[Data records]:

+--

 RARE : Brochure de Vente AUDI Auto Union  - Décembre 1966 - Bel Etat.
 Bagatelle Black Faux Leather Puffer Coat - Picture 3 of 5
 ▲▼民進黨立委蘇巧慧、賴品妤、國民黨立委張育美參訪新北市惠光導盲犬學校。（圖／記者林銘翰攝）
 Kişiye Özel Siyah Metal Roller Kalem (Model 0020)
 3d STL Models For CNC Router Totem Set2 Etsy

+--

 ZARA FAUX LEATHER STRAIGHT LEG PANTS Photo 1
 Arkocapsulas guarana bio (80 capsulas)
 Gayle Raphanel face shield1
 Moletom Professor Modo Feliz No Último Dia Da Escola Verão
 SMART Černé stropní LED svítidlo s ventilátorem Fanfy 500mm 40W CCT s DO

+--

[Assignment]: From the records above, extract exactly and only the lines that begin at the line with "RARE : Brochure" and stop after the line with "3d STL Models For CNC Router Totem Set2 Etsy".

[Answer to this problem]:
 RARE : Brochure de Vente AUDI Auto Union  - Décembre 1966 - Bel Etat.
 Bagatelle Black Faux Leather Puffer Coat - Picture 3 of 5
 ▲▼民進黨立委蘇巧慧、賴品妤、國民黨立委張育美參訪新北市惠光導盲犬學校。（圖／記者林銘翰攝）
 Kişiye Özel Siyah Metal Roller Kalem (Model 0020)
 3d STL Models For CNC Router Totem Set2 Etsy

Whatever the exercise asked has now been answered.